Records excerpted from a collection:
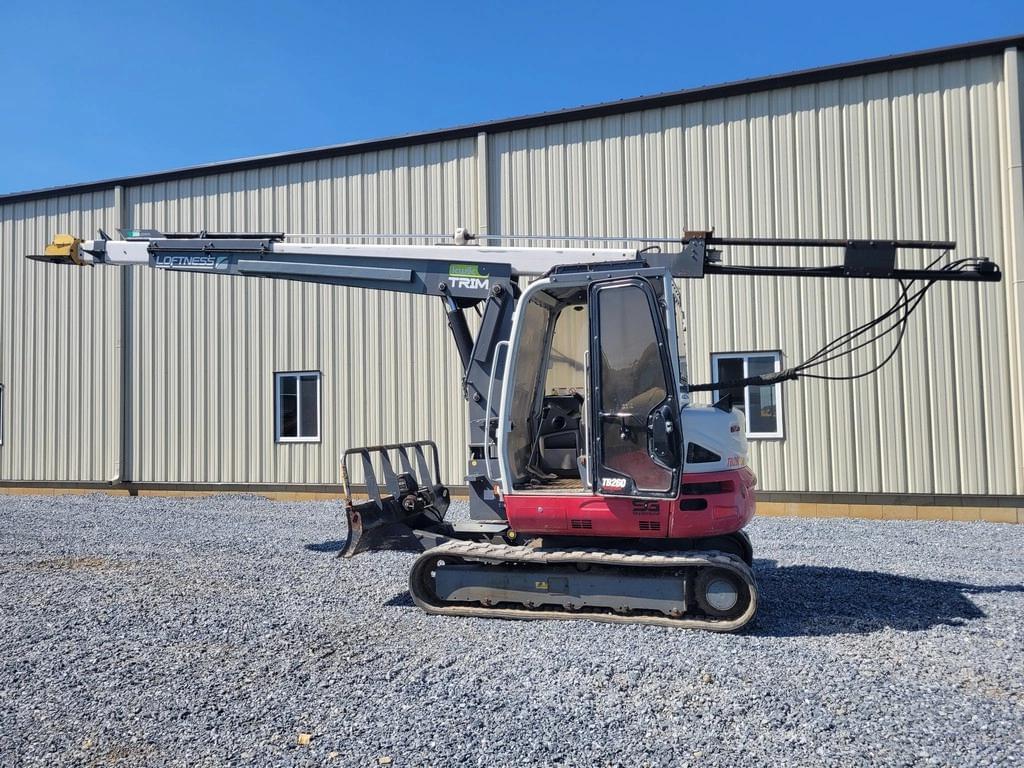 Image of Takeuchi TB260 Primary image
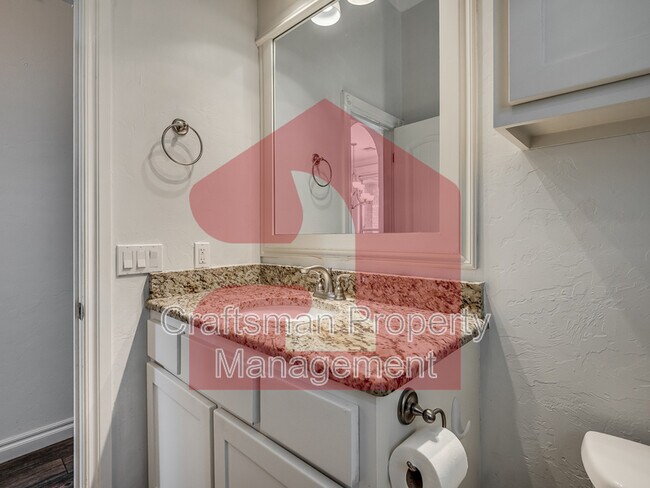 Building Photo - 3413 Huron Cir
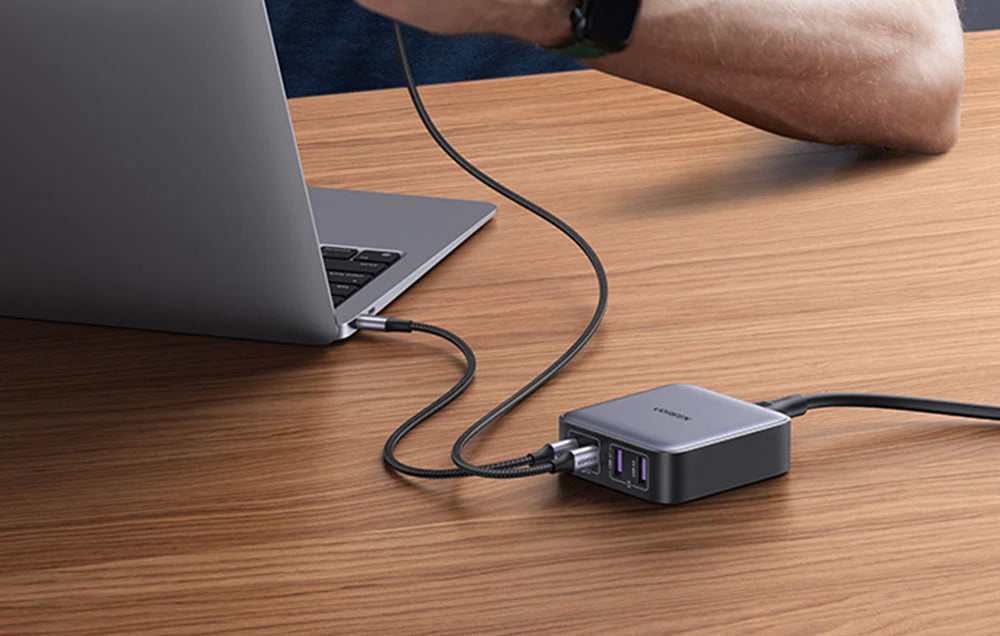 Cargador Estación UGREEN CD327 Nexode, 65W, 3.25A, 2 x USB-A - 2 x USB-C, Negro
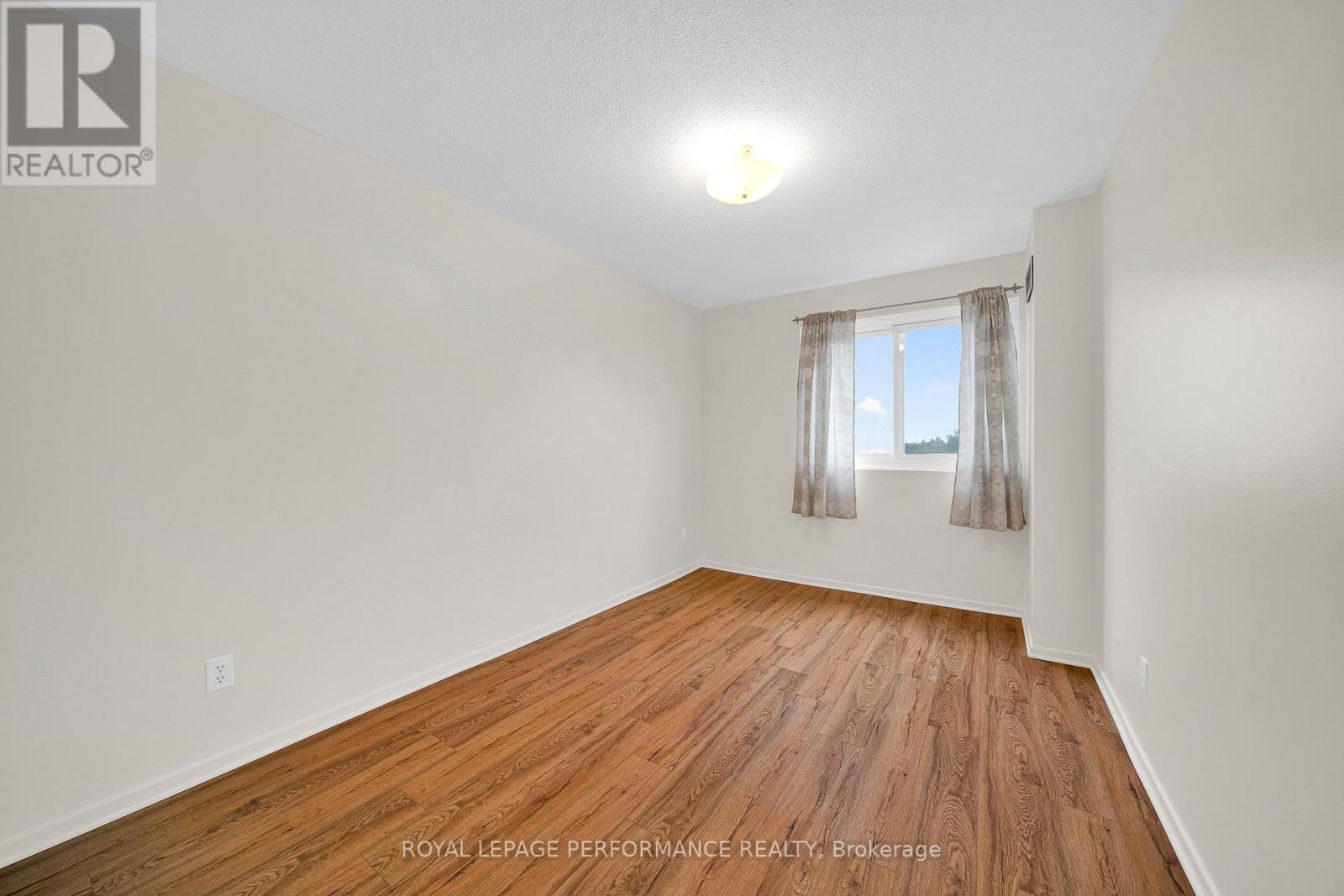 806 - 1599 Lassiter Terrace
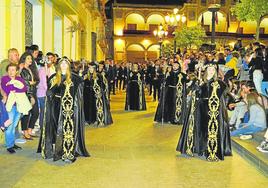 Tercio de togas, que este año cumple 30 años de su salida en la procesión de La Curia.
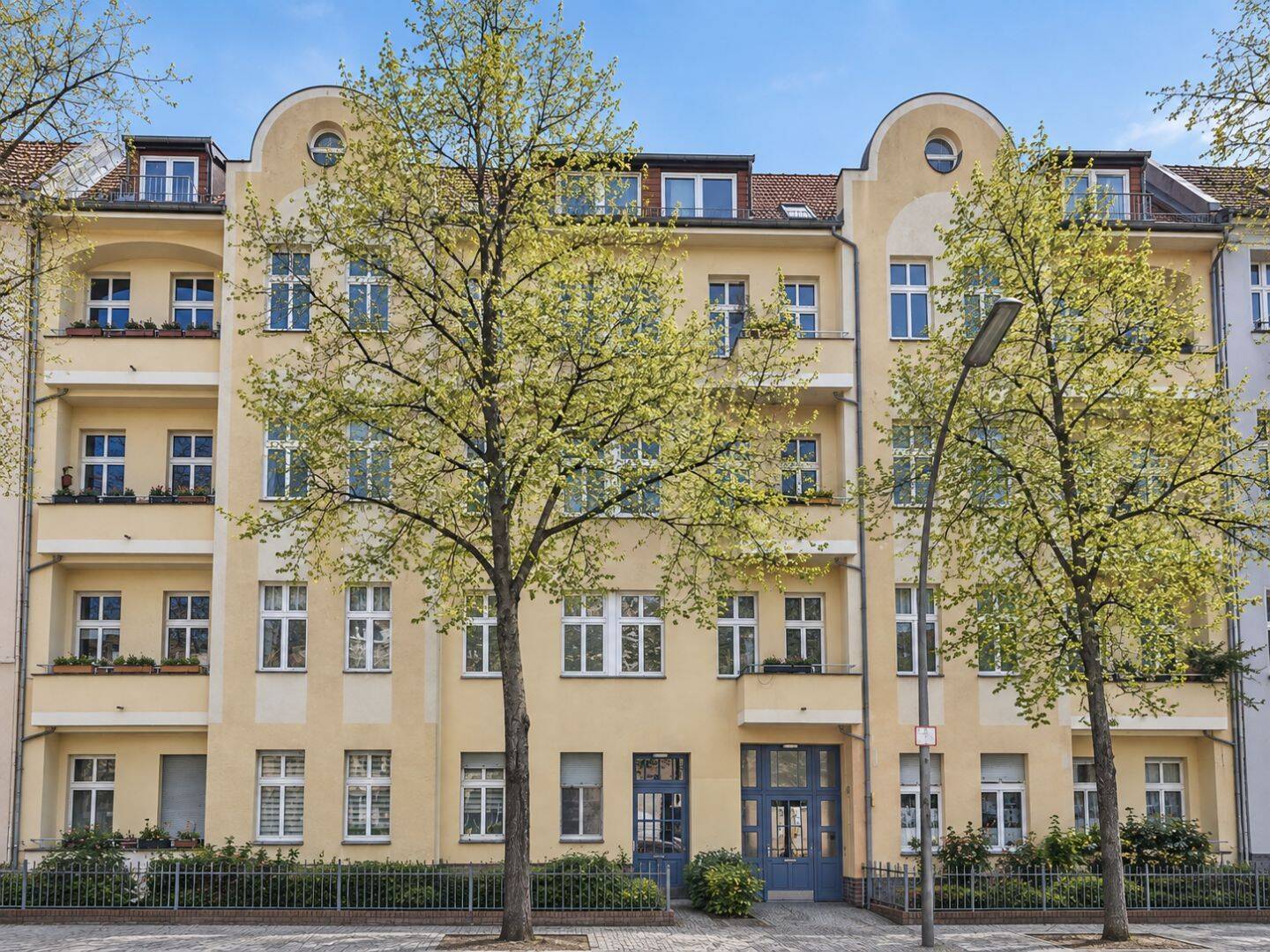74 m² zum Ankommen: Helle Altbauwohnung mit Balkon in Berlin-Steglitz, 12167 Berlin (Steglitz-Zehlendorf Steglitz)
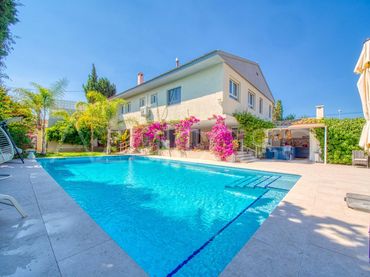 Villa con piscina in vendita a Calle Calle Font Bugaya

### Goal of the exercise
Set down, word for word, only the lines running from the line with "74 m² zum Ankommen: Helle" through the final line of the entries above, omitting all pictures.

### Response area
74 m² zum Ankommen: Helle Altbauwohnung mit Balkon in Berlin-Steglitz, 12167 Berlin (Steglitz-Zehlendorf Steglitz)
 Villa con piscina in vendita a Calle Calle Font Bugaya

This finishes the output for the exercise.